This piece exhibits both a profound cosmic perspective and a very naive understanding of current human societies. He starts out by showing how we humans are an extremely unlikely life form in a vast universe of dead molecules.
Such a cosmic vision impels us as humans to recognize our unique existence beyond merely our individual lives and our daily, rather petty preoccupations. Parry confronts us with the stark fact that we humans now possess the means of our own destruction:
There can be a sense of senselessness to the human existence. There is wholly unnecessary destruction, driven by greed or fear or ideology or religion. We have seen plenty of that in human history and especially over the past century, a time of world wars, human-caused global pollution and advanced instruments to deliver death, even the potential to exterminate all life on the planet.Parry sees the main driver of humanity's self-destruction as ignorance, and see his vital role as a journalist to report the truth about human events as accurately as possible in order to prevent the disappearance of our unique set of organized molecules from the known universe.
This is where naiveté sets in. Like so many of today's humans, he seems unable to rise above the profound indoctrination by ruling classes which ignore their role in this orgy of self-destruction. During the last 10,000 or so years societies have been organized into classes of people with some enjoying far more power, wealth, and privileges than others. During this period we have also seen societies plagued by continual wars and crime. Worse yet, in the last few centuries a new driver of our self-destruction has come in the form of an economic system, capitalism, that drives economies to perpetual growth in a finite planet.
The system has now spread so much pollution that the ecosystem is being so dangerously altered that the planet will soon no longer be able to sustain humans along with many other life forms. This system of capitalism has also dangerously affected the health of societies upon which humans depend for their existence.

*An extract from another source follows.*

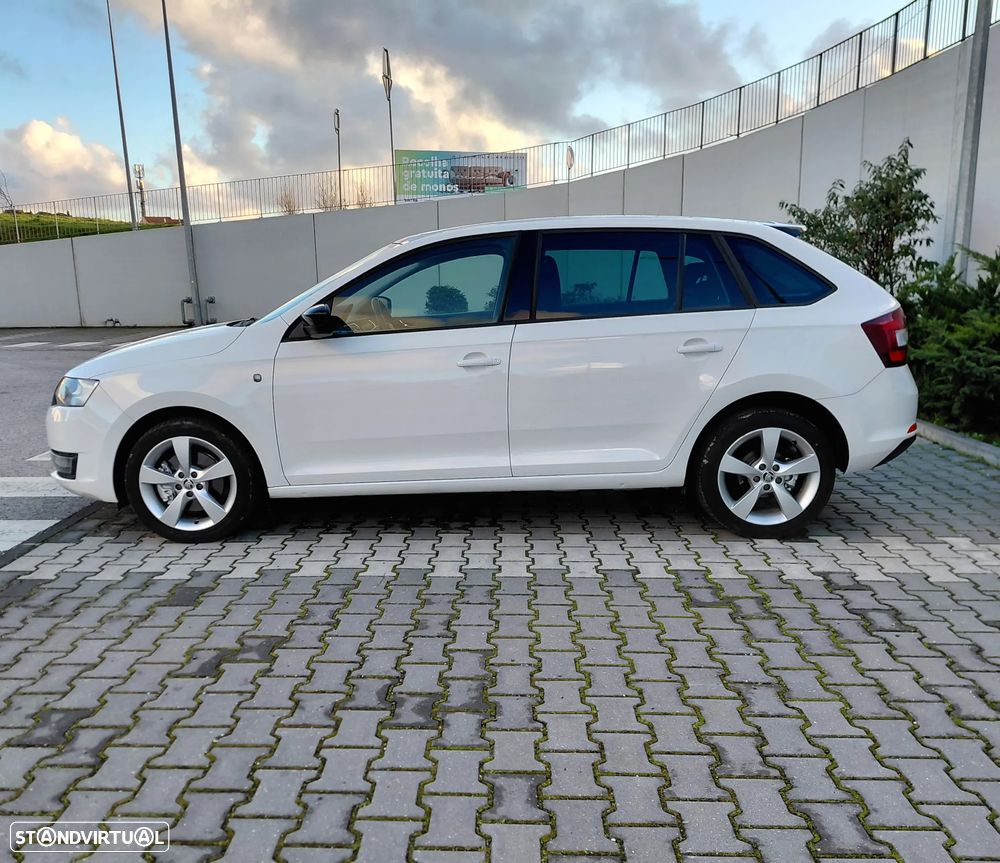 Skoda Rapid Spaceback 1.6 TDi Elegance - 9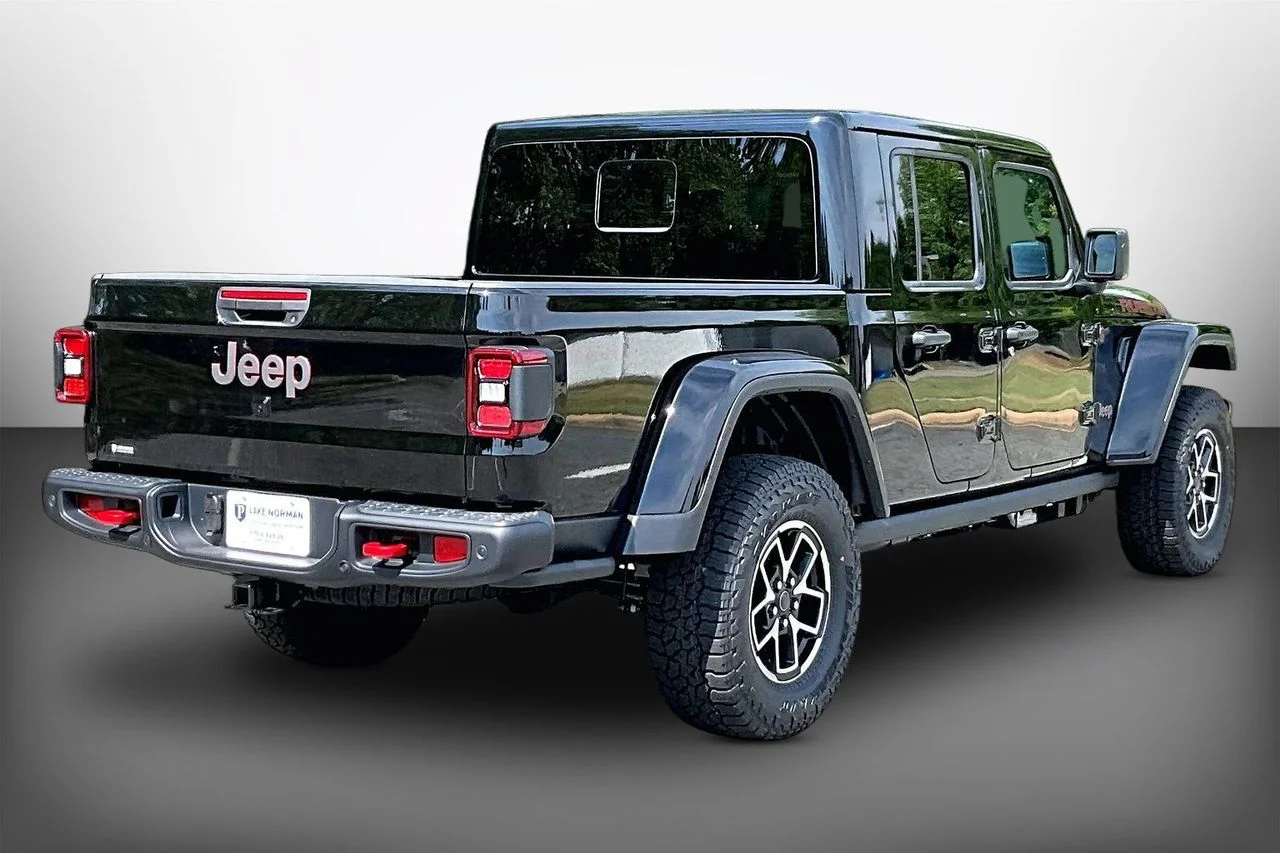 New 2026 Black Clear-Coat Exterior Paint Jeep Rubicon X image 8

Societies are now so wrecked by inequality, vast poverty for the many amidst fabulous wealth for a few, that wars and crime are now a major menace to societies. Parry also correctly sees a threat from another product of human creativity in the form of "advanced instruments to deliver death, even the potential to exterminate all life on the planet".
Capitalist ruling classes are the ones who benefit from this arrangement. It is they who put their stamp of self-interest on every institution in their societies. The deadliest form of this self-interest are the pervasive deceptions about the realities of their rule and their system. Parry in his quest to report the truth will always be thwarted by his own self-interest and by threats from these ruling classes. Should he report too much truth about their rule and their system, he will be banished to the journalistic equivalent of Siberia--if he hasn't already. He seems completely oblivious to this reality.